The easiest way to sharpen that I've found is with sandpaper on a flat surface. Veritas has a guide for jointer knives to do this. Alternatively, I made one that looks similar with a few pieces of wood. It's clamped between two pieces with one cut to the correct angle.
I'll also comment that the knives that came with my jointer quickly dulled. I bought another set from Freud and they laster many times longer.
Gerry
Thanks for all your help. My options seem to be (1) spend more money, (2) spend more money, and (3) spend more money. Yike, this hobby is getting expensive!
Dave
Dave,
You have to look at it the other way around. I just made a wine cabinet for my daughter, which she had priced at a store for 480. It cost me about 80 of wood. I then spent 350 on a new compressor, and ended up saving $50. So I told the wife we now have 50 more than what we had.

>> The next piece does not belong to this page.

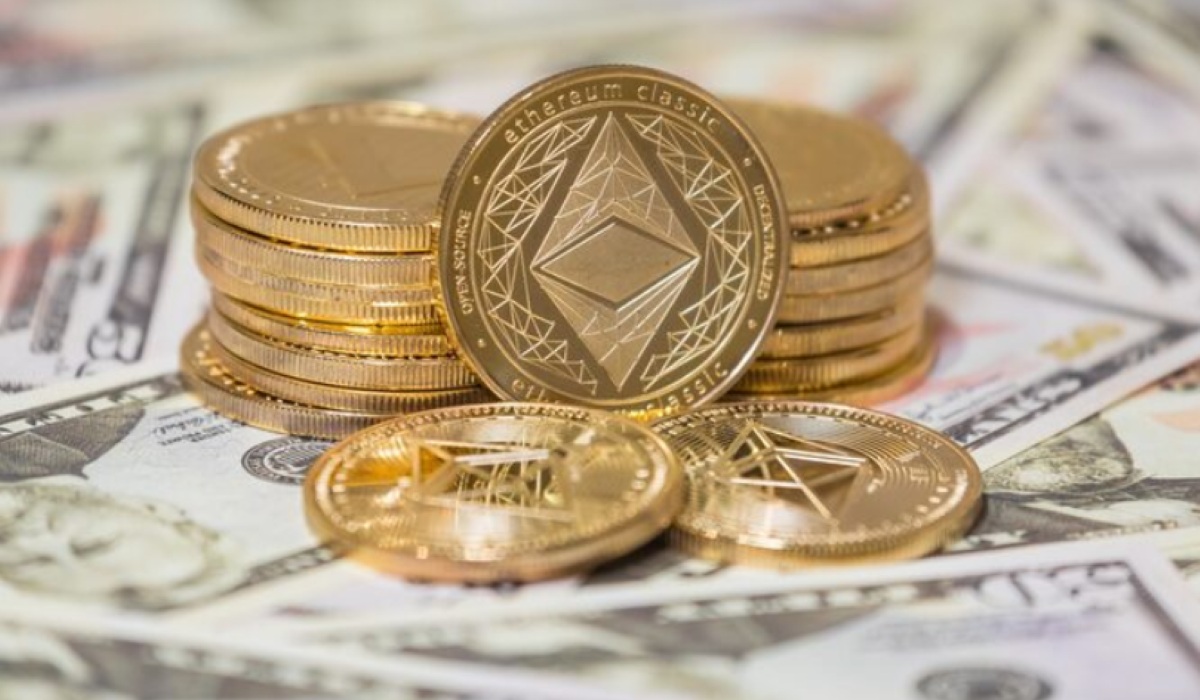 Cryptocurrencies: From Technological Experiment to Digital Financial Ecosystem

Course, I didn't actually charge my daughter, but the numbers still work out. Pull that one for enough years and you'll have a full shop for nothing:-)
Gerry
My significant other spends $100 per month on her hair...this is no joke. It is all fine with me because that's at least $100 per month that goes into the "Del's Woodworking machine/Tool kitty". That does not include wood and materials since we BOTH "save" money in that regards.

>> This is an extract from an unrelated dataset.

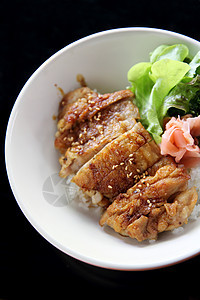 配有大米的田地鸡鸡棕色午餐蜂蜜芝麻美食橙子蔬菜白色炙烤食物图片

Gerry is right, of course. For years I've gotten by with the bare essentials, but my work has suffered and everything took me 3X as long. While sending knives out is cheap enough, this causes me to leave dull blades in far longer than I should, and so this only leads to more work.
I'm going to go ahead and get the VEritas jigs and the right wheels. Thanks everyone for setting my thinking straight.